Ask anyone who is or has been married and usually when you talk to them about their life up to this point they will tell you they met their significant other and that’s when a lot of shit changed. That’s when the background of all things in your life changed. All future moments are set in the context of marriage. A lot of your other social arrangements change when you meet someone that becomes very important to you. Your relationships with your friends, family, co-workers, acquaintances, and even complete strangers are all laid out in a different fashion when that relationship is there. Of course our lives are all about things changing as we age and become experienced with more and more memories.
We all define ourselves in many ways with the people we associate ourselves with. There’s no denying that others have an impact on the decisions we make and the way we live our lives. I’m certainly not suggesting that we’re not individual parts, but our totality is the true us. We are not you and me, it’s everything that’s alive or not that we deem significant that is the real totality of our existence. All these parts come together in motion to create our culture which is the social background of our lives.
This space and the backgrounds in our lives are very important and we need to allow our significant others there place to be and grow. By concerning ourselves too much with the “situation at hand” we’re denying our significant others their chance to grow. Often times when I listen to divorcees talk about their breakup they say “they just weren’t the person I married anymore”. Should people really be expected to be the same person after two, five, or even ten years? I’m changing like every fucking day; the other day I found Kevin Smith’s Smodcast and that alone changed my life forever. The other thought that stems from that is if they’re not the person they were when you married them then can’t we surmise that being married to you is part of what changed them?

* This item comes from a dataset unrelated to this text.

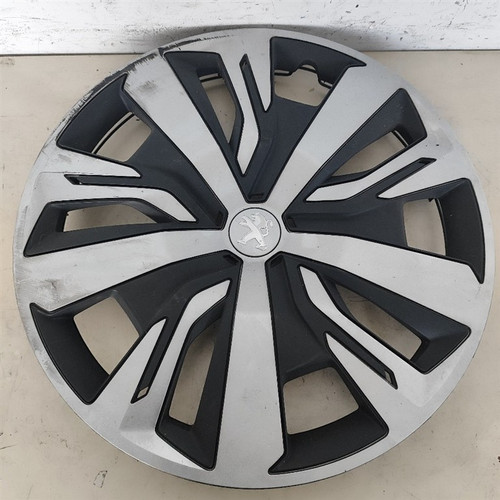 PEUGEOT 2008 «II» (2020) LAMIERATI ESTERNI COPRICERCHIO RUOTA POST. DX. USATO Da 2020 A 2023 [[290506]]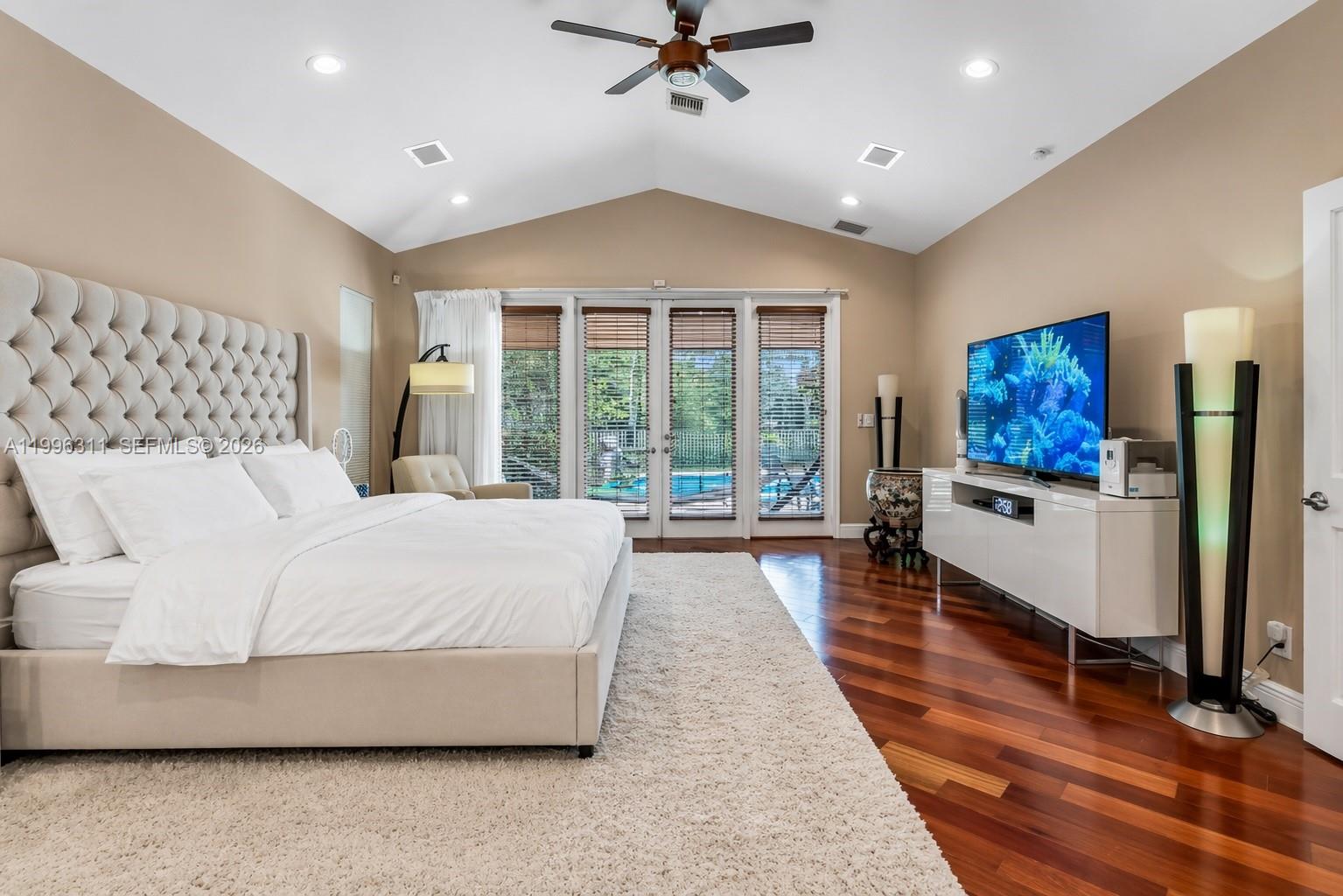 WHISPERING WOODS - Residential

It’s a pretty big deal for most people to be married, so it is pretty safe to say that your life will be changed by marriage. Again in that same stream of thought are you not also confessing that you liked the unmarried version of that person better than the married version of that same person?
I’m not saying people shouldn’t be involved in deep long term relationships with each other. What I’m saying is you fell in love with that person when they were on their own doing their own thing. Things were fresh and stuff was changing for both of you in a good way. Now if you take that wonderful majestic wild create and throw it in a cage it doesn’t do all the cool stuff it used to do. You might argue that that means that they also don’t do all the bad things either, but ultimately you’re trying to fit a square peg into a circular hole. We need space and other backgrounds in our lives to help us identify just how special that one relationship is so we can cherish it all the more. I’m never more happy to see my cat than after I was just at somebody’s house with a slobbery co-dependent dog. My cat says “meow” rubs up against my leg and then proceeds to mind its own fucking business. Likewise nothing makes me more appreciative of my loving, liberal, bi, hippy girlfriend than spending a day in Newport Beach surrounded by materialistic trophy wives.